• _Caption-style text data_:
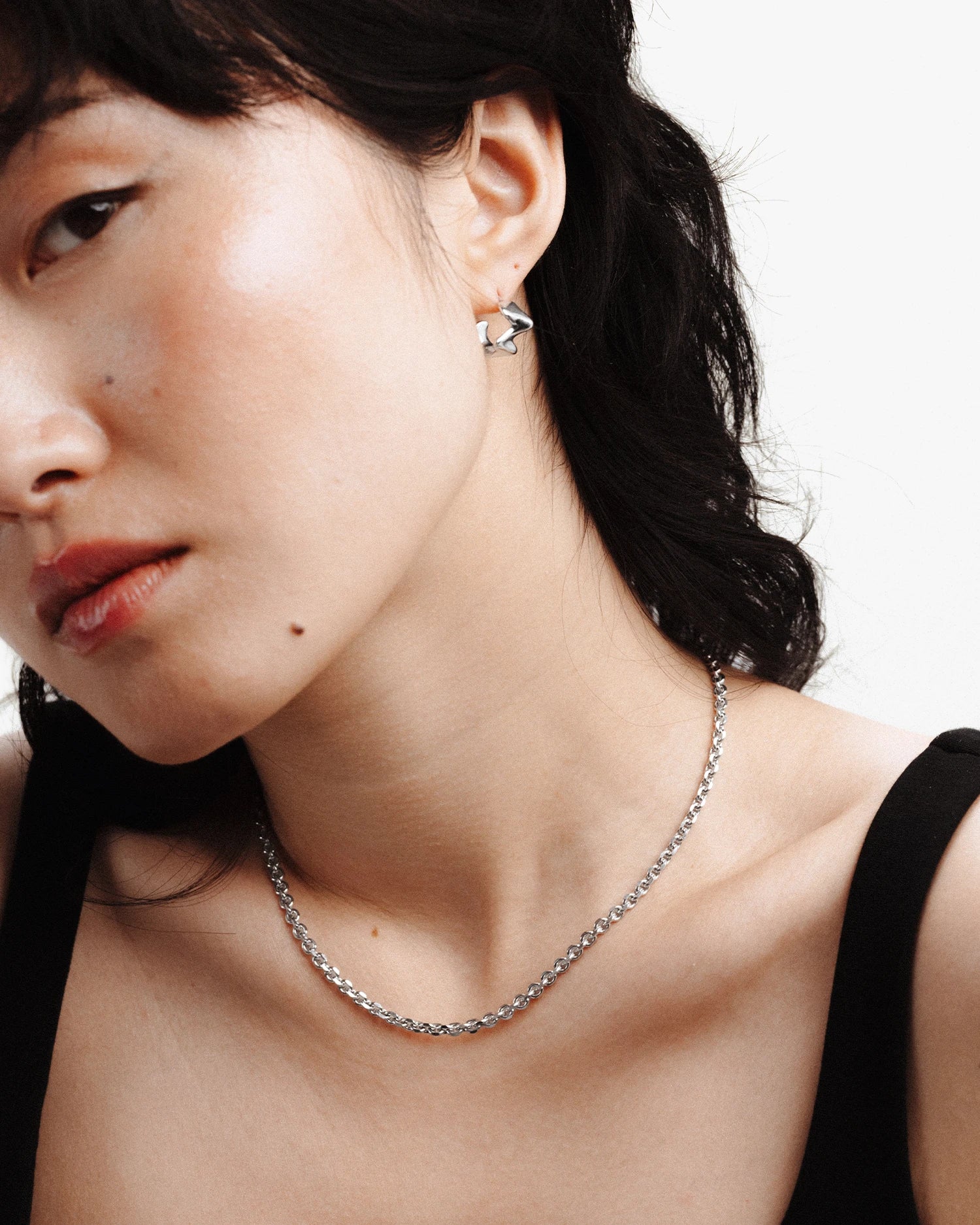 Siren Necklace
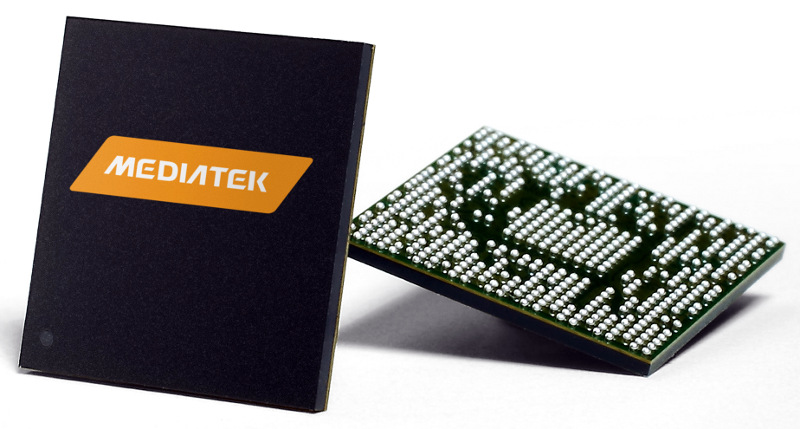 MediaTek MT8127 quad-core SoC with Mali-450 MP4 GPU announced for tablets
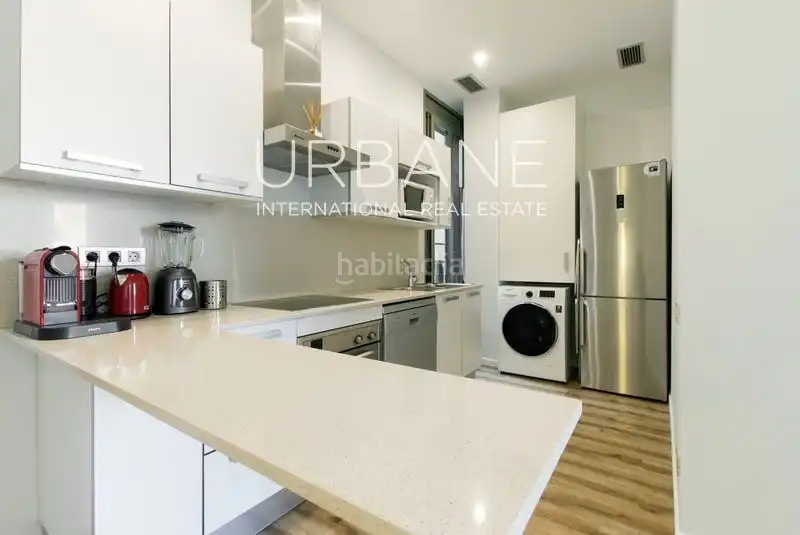 Appartement avec terrasse à vendre à Ali Bei, imagen 15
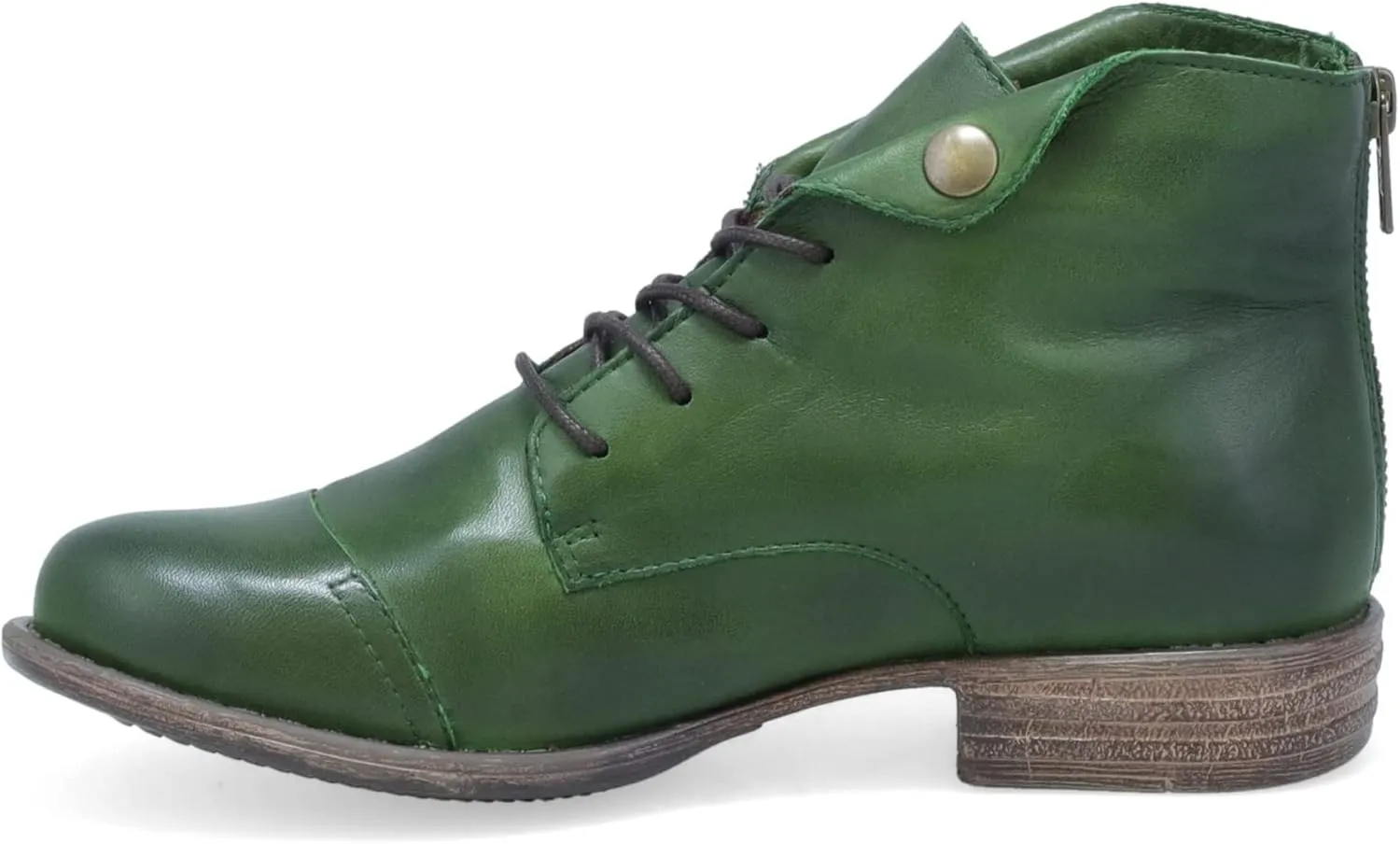 Miz Mooz Women's Lennox Ankle Boot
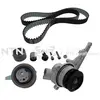 Waterpomp + distributieriem set KDP457860 SNR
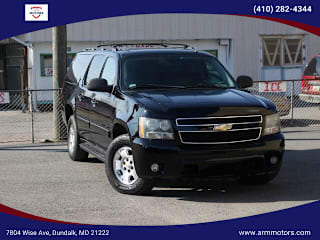 2011 Chevrolet Suburban LT 1500 1GNSKJE33BR211906 2011 Chevrolet Suburban LT 1500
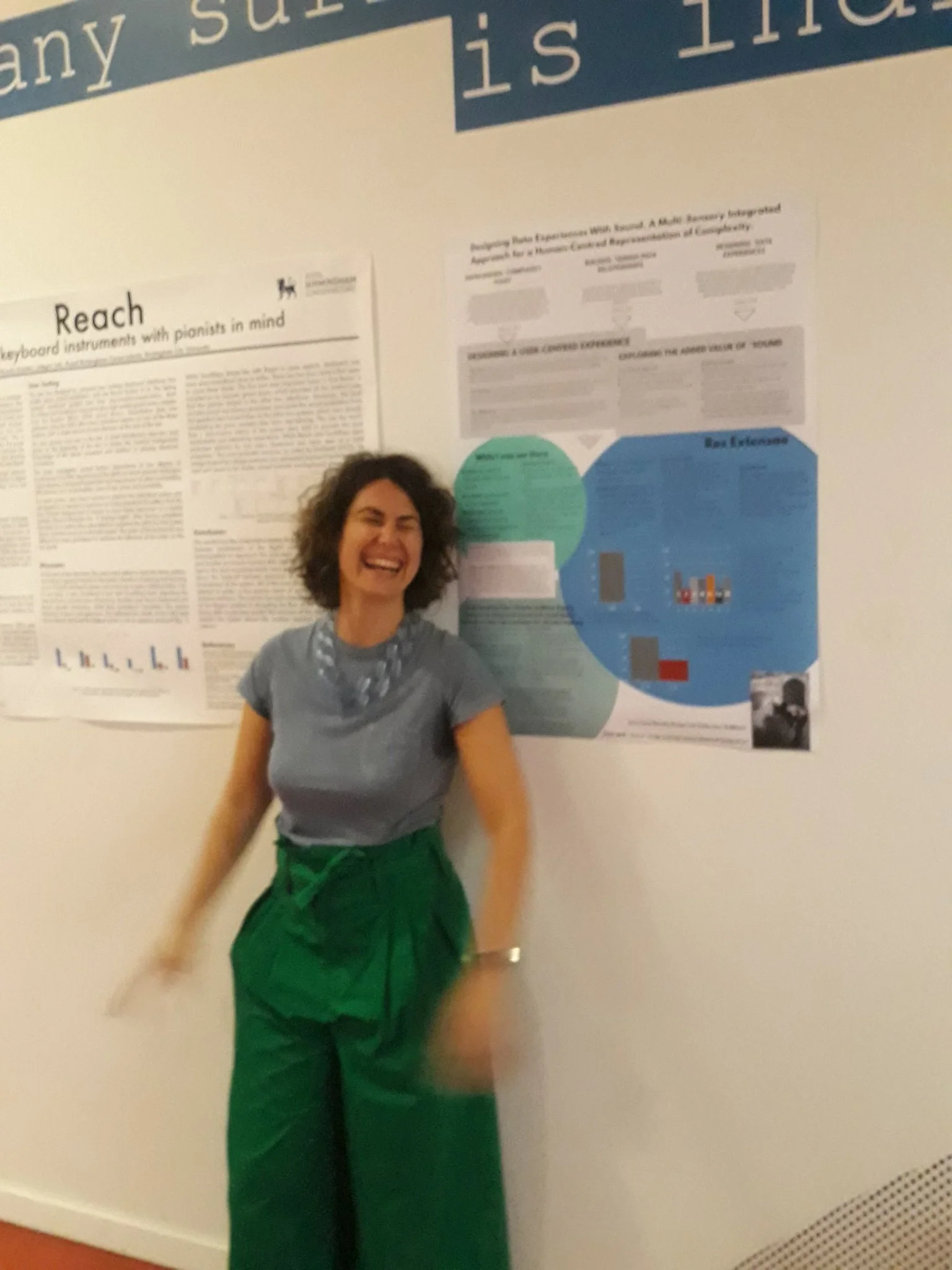 Sound Image and Interactivity Doctoral Symposium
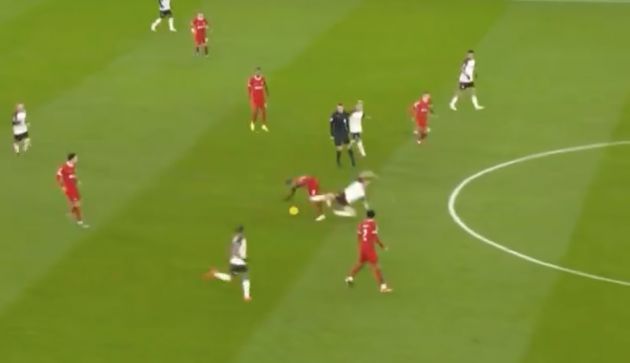 Liverpool, Mac Allister, Palhinha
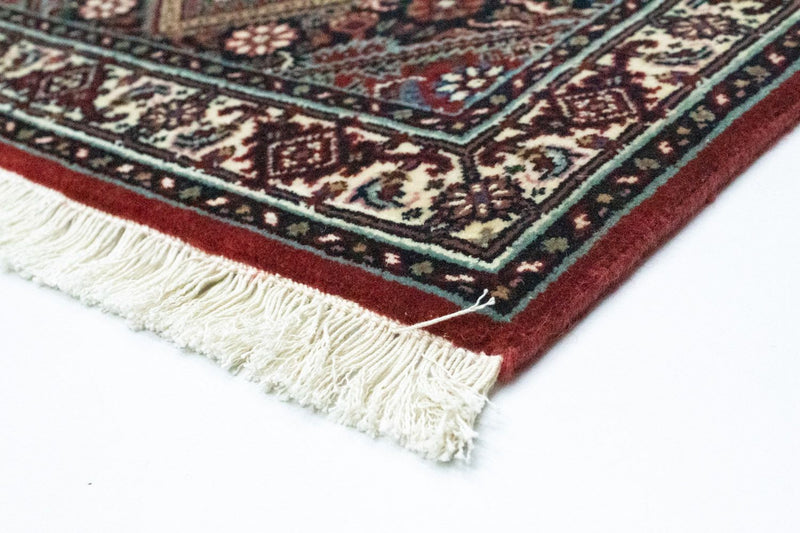 Tappeto Persero - Bidjar - 93 x 65 cm - rosso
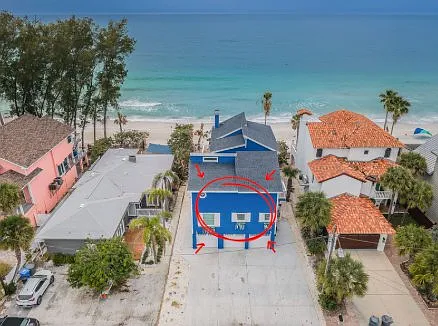 8432 W Gulf Blvd — Photo 19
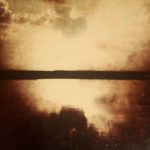 [album cover art] anthéne – skyglow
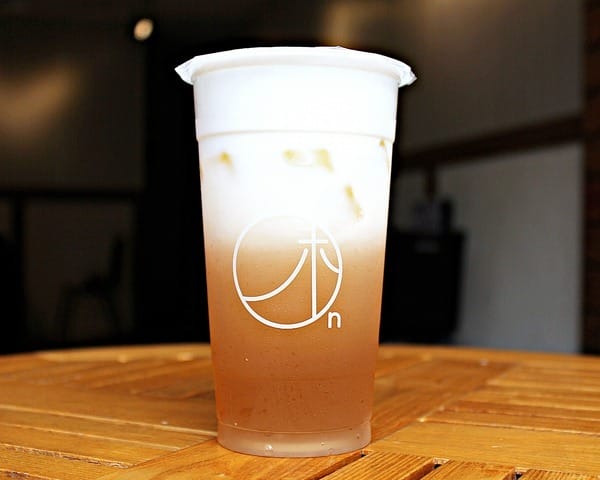 木昂move on::市府店:【木昂move on】桃園市府店,手搖飲料推薦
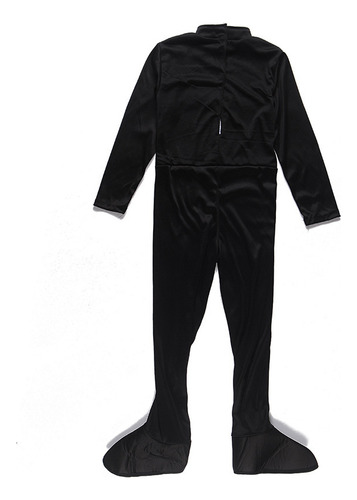 Disfraz De Halloween De Cos Darth Vader Cos Para Niños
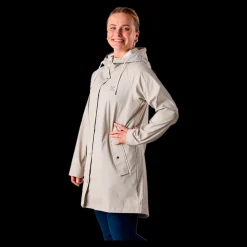 Discount Rain Coat, W - Damen Regenjacke Festival | Jacken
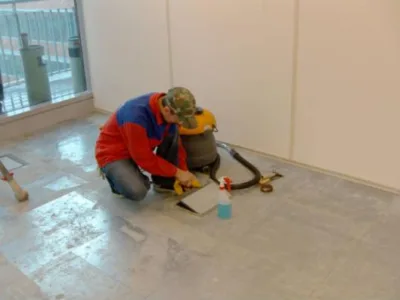 Doral Cleaning Servicii profesionale curatenie civila si industriala Bucuresti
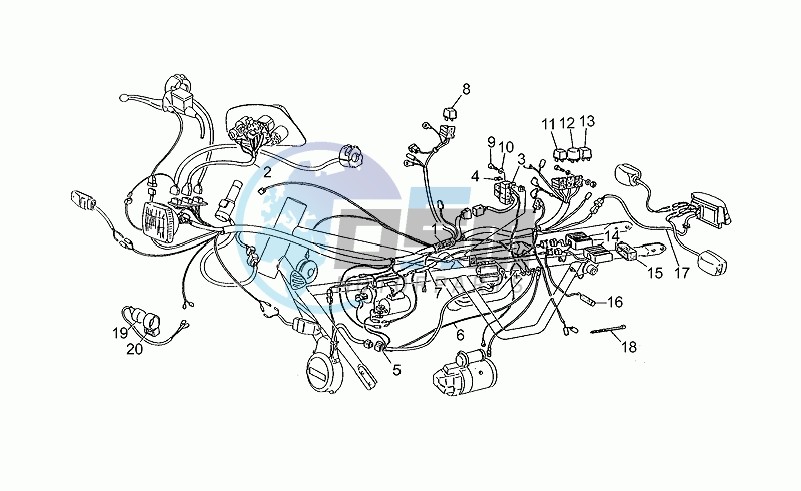 Electrical system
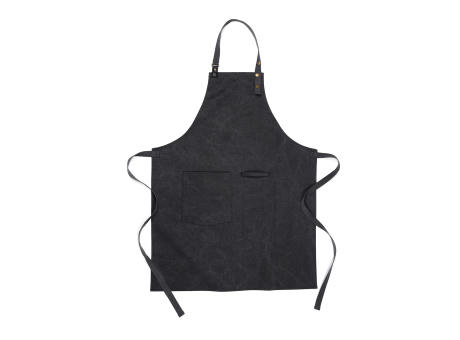 VINGA Tome Schürze aus GRS recyceltem Canvas Werbeartikel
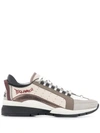 DSQUARED2 551 SNEAKERS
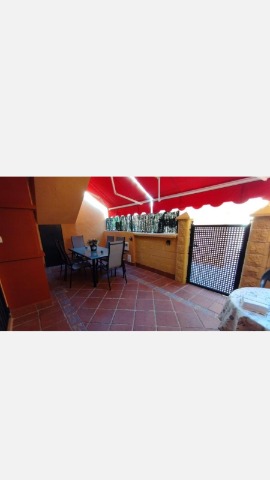 Apartamento Urb. La Villas de Islantilla Campo de Golf
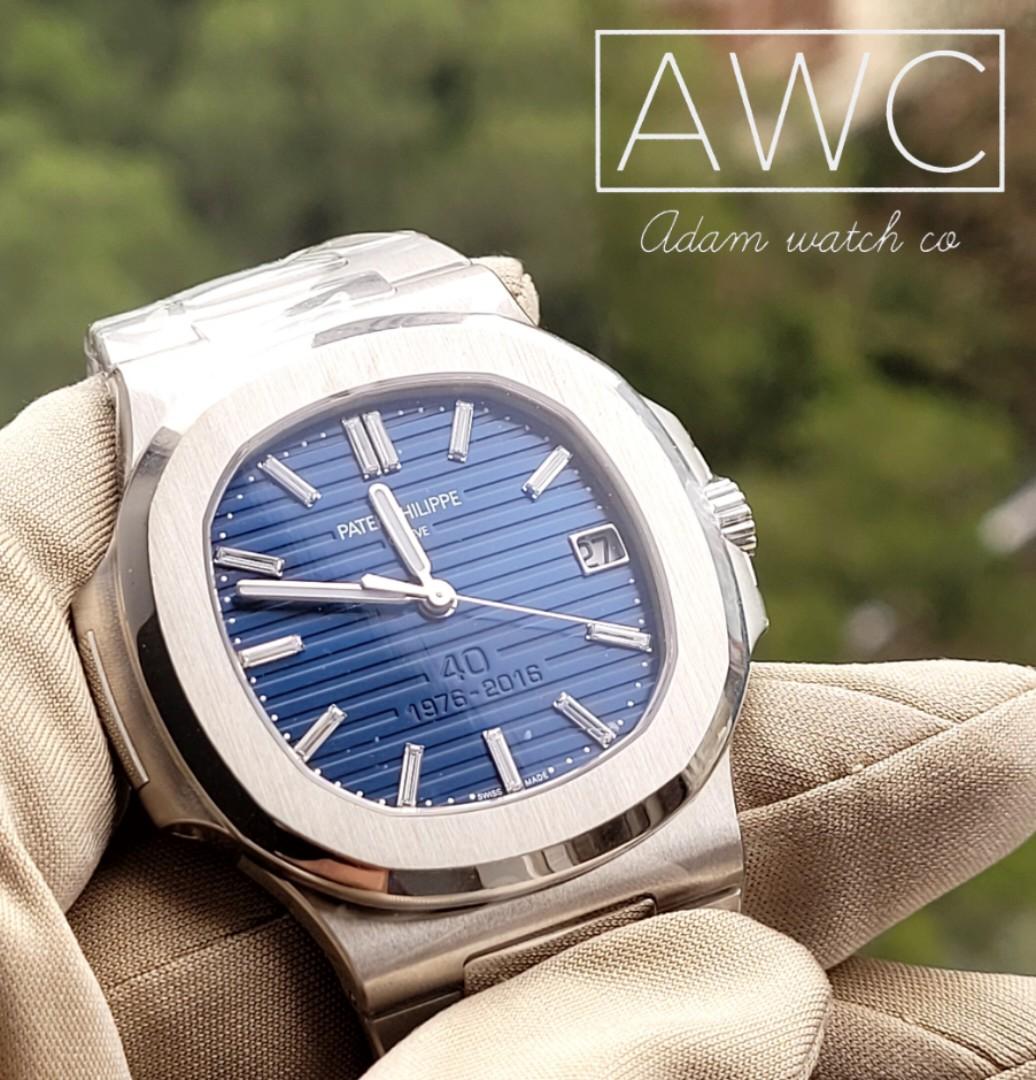 Patek philippe 7987 price online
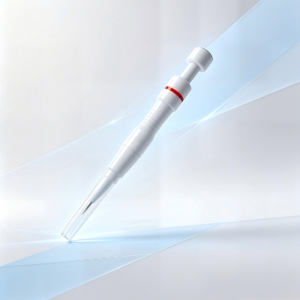 Hair Implant Choi Pen Needles DHI Pens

• _Your objective_: The answer should consist of every line above, exact and free of images.

• _Final answer_:
 Siren Necklace
 MediaTek MT8127 quad-core SoC with Mali-450 MP4 GPU announced for tablets
 Appartement avec terrasse à vendre à Ali Bei, imagen 15
 Miz Mooz Women's Lennox Ankle Boot
 Waterpomp + distributieriem set KDP457860 SNR
 2011 Chevrolet Suburban LT 1500 1GNSKJE33BR211906 2011 Chevrolet Suburban LT 1500
 Sound Image and Interactivity Doctoral Symposium
 Liverpool, Mac Allister, Palhinha
 Tappeto Persero - Bidjar - 93 x 65 cm - rosso
 8432 W Gulf Blvd — Photo 19
 [album cover art] anthéne – skyglow
 木昂move on::市府店:【木昂move on】桃園市府店,手搖飲料推薦
 Disfraz De Halloween De Cos Darth Vader Cos Para Niños
 Discount Rain Coat, W - Damen Regenjacke Festival | Jacken
 Doral Cleaning Servicii profesionale curatenie civila si industriala Bucuresti
 Electrical system
 VINGA Tome Schürze aus GRS recyceltem Canvas Werbeartikel
 DSQUARED2 551 SNEAKERS
 Apartamento Urb. La Villas de Islantilla Campo de Golf
 Patek philippe 7987 price online
 Hair Implant Choi Pen Needles DHI Pens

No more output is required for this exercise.